The Company continues to work with the customer to further define the requirements to satisfy the offset agreements. In February 2023, the Company announced that it received a Business Plan Approval Letter to establish a manufacturing and final assembly facility in collaboration with an in-country vendor, which will enhance the technological capabilities available in this country. Offset programs typically extend over several years and may provide for penalties in the event the Company fails to perform according to offset requirements. The satisfaction of the offset requirements will be determined by the customer. In the event the offset requirements of the contracts are not met, the Company could be liable for potential penalties up to $18.8 million payable to the customer. Failure to satisfy the offset requirements could also negatively impact the Company's ability to attract future orders from this customer. The Company considers these potential penalties to be a reduction to the transaction price in its determination of the value of the performance obligations within these contracts. At June 30, 2023, $18.8 million in contract liabilities associated with the potential penalties of the offset requirements were included on the Company's Condensed Consolidated Balance Sheets.

Guarantees

During 2020, the Company and the USG entered into a Guaranty Agreement, pursuant to which the Company agreed to guarantee the full, complete and satisfactory performance of its subsidiary, Kaman Precision Products, Inc. ("KPPI") under all current and future contracts with the USG. As of the date of this filing, the only contract in place between KPPI and the USG relates to the production and sale of the JPF. KPPI fulfilled the requirements of Option 16 in the second quarter of 2023 and the USG has indicated that they will not award the Company any future options.
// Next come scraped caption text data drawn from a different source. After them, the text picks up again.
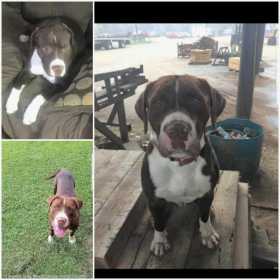 Lost Dog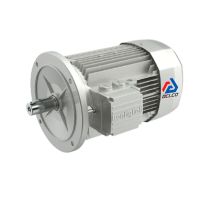 ‎⁨الکتروموتور بونفیلیولی⁩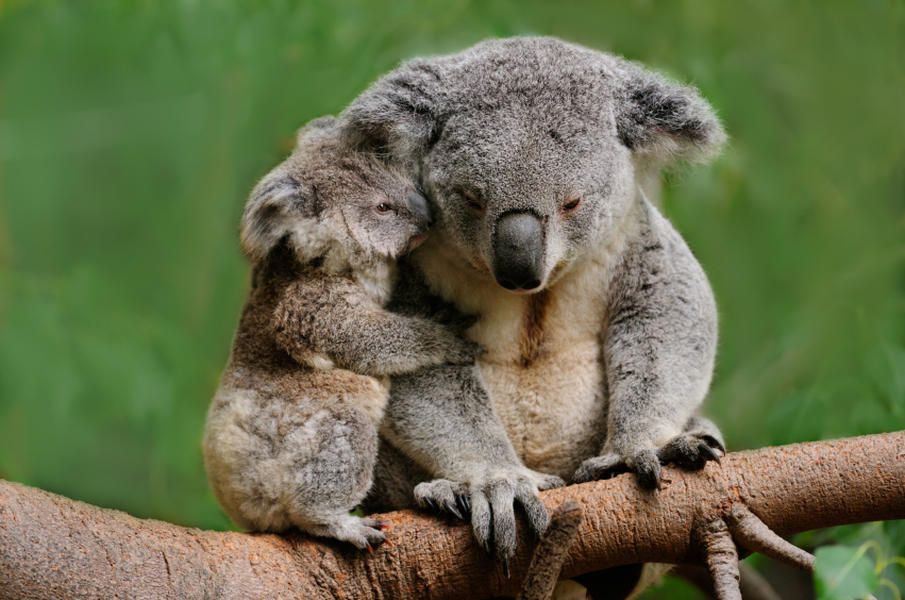 Scientists successfully test &amp;#039;breakthrough&amp;#039; vaccine for koala chlamydia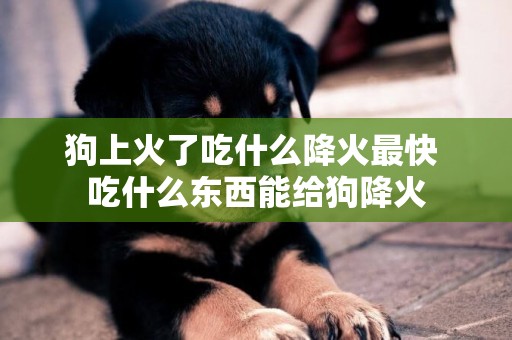 狗上火了吃什么降火最快 吃什么東西能給狗降火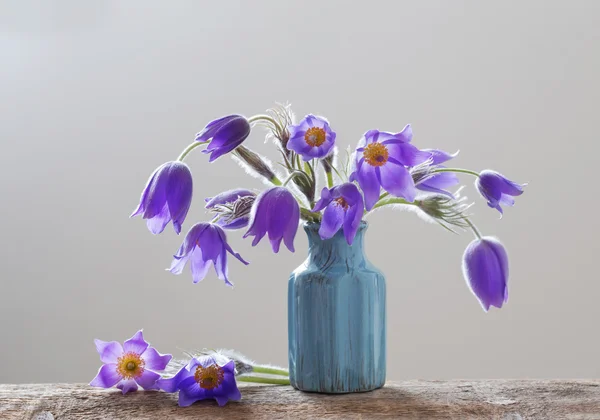 Flores de primavera sobre fondo blanco — Foto de Stock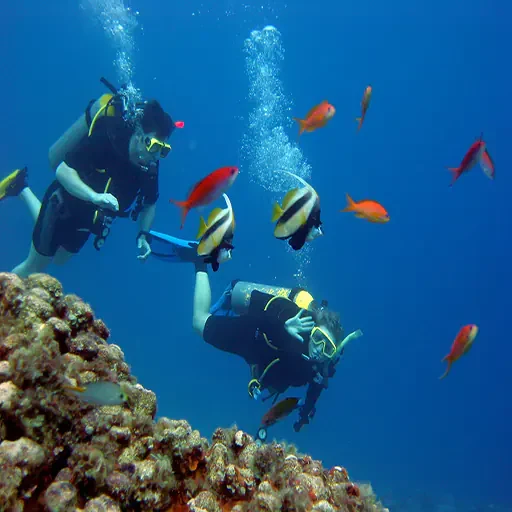 Paraíso de Snorkel Excursión a Port Ghalib Desde Marsa Alam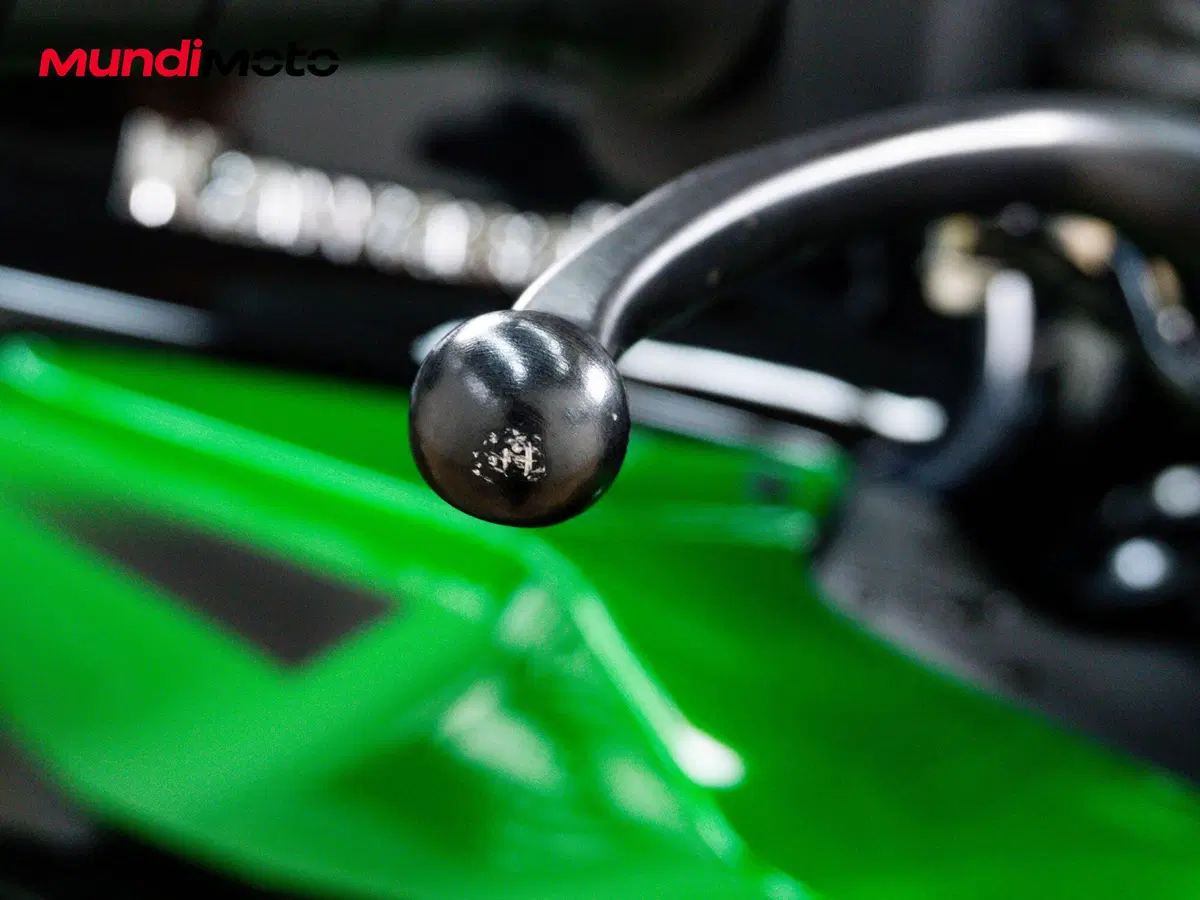 Kawasaki Ninja 1000 SX (2020) (15)
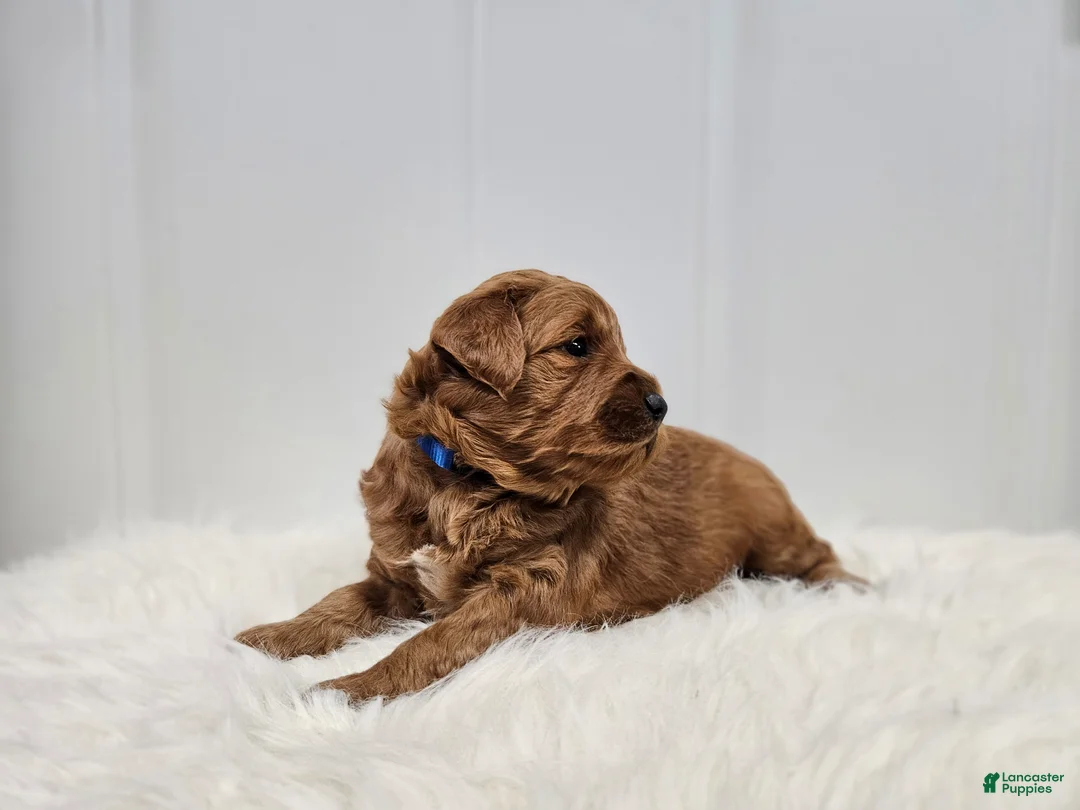 Mini Goldendoodle dogs for sale: Teddy - Ad 2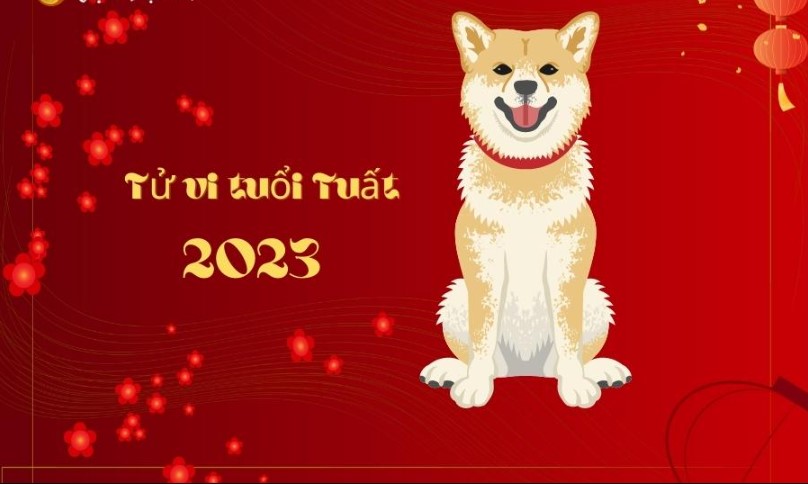 Giai ma tu vi tuoi tuat trong nam 2023 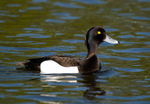 Tufted Duck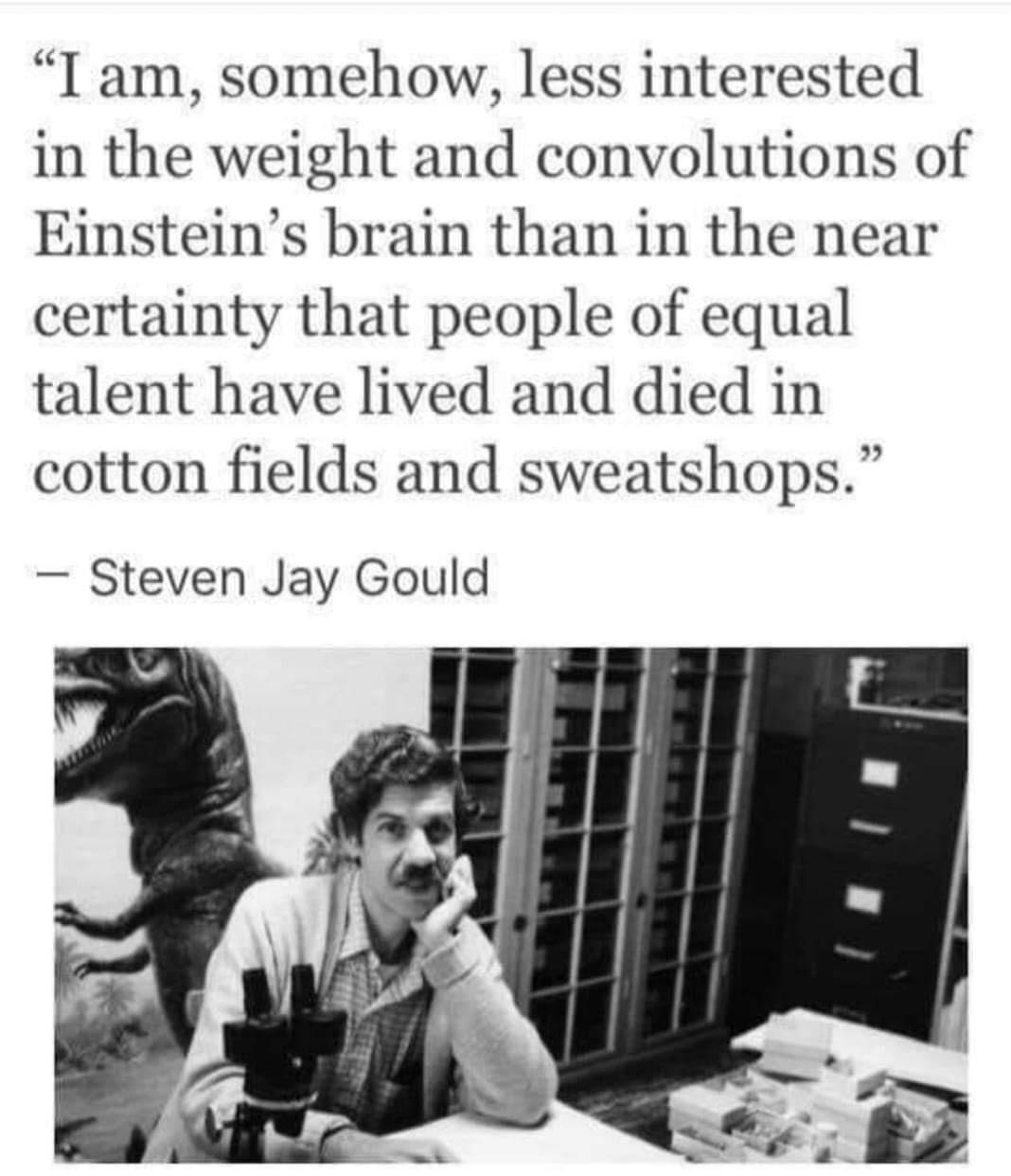 I am somehow less interested in the weight and convolutions of Einsteins brain than in the near certainty that people of equal talent have lived and died in cotton fields and sweatshops Steven Jay Gould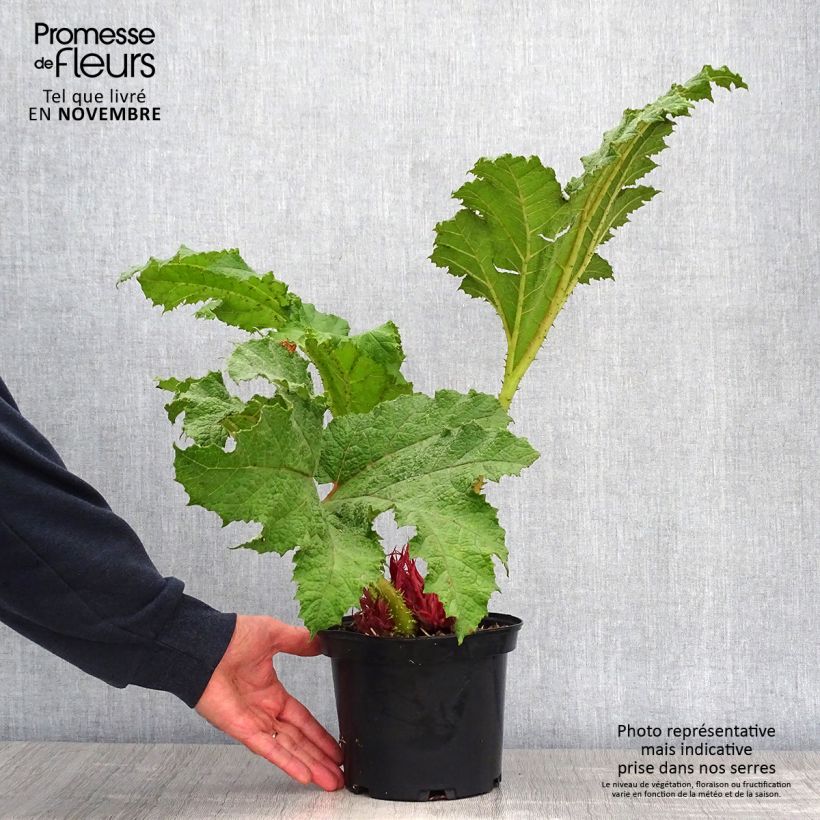 Amostra de Gunnera manicata Vaso de 3 L/4 L tal como entregue no outono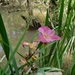 Iris × fulvala - Photo (c) Bailey, todos los derechos reservados, subido por Bailey
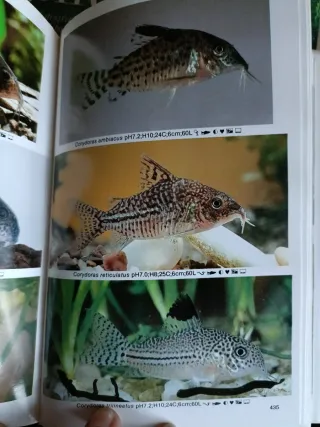 Mini Atlas de Peces de Acuario (Spanish Edition)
The guaranty will remain in effect until the USG has confirmed that the Company has completed all obligations and the Company requests the expiration. The guaranty was provided in lieu of a periodic financial capability review by the Financial Capacity Team ("FCT") of the Defense Contract Management Agency ("DCMA"). The Company is unable to estimate the maximum potential amount of future payments under the guaranty as it is dependent on costs incurred by the USG in the event of default. Although the Company believes the risk of default is low given the maturity and operational performance of the JPF program, there can be no assurance that the guaranty will not have a material adverse effect on the Company's results of operations, financial position and cash flows.
14. COMMITMENTS AND CONTINGENCIES (CONTINUED)

Guarantees - continued

On September 16, 2022, the Company acquired all of the assets and related liabilities of Parker's Aircraft Wheel and Brake division. In association with the acquisition, the Company entered into a novation agreement in which Parker's contractual obligations with respect to Aircraft Wheel and Brake at the time of the acquisition were transferred to the Company. There can be no assurance that this agreement will not have a material adverse effect on the Company's results of operations, financial position and cash flows.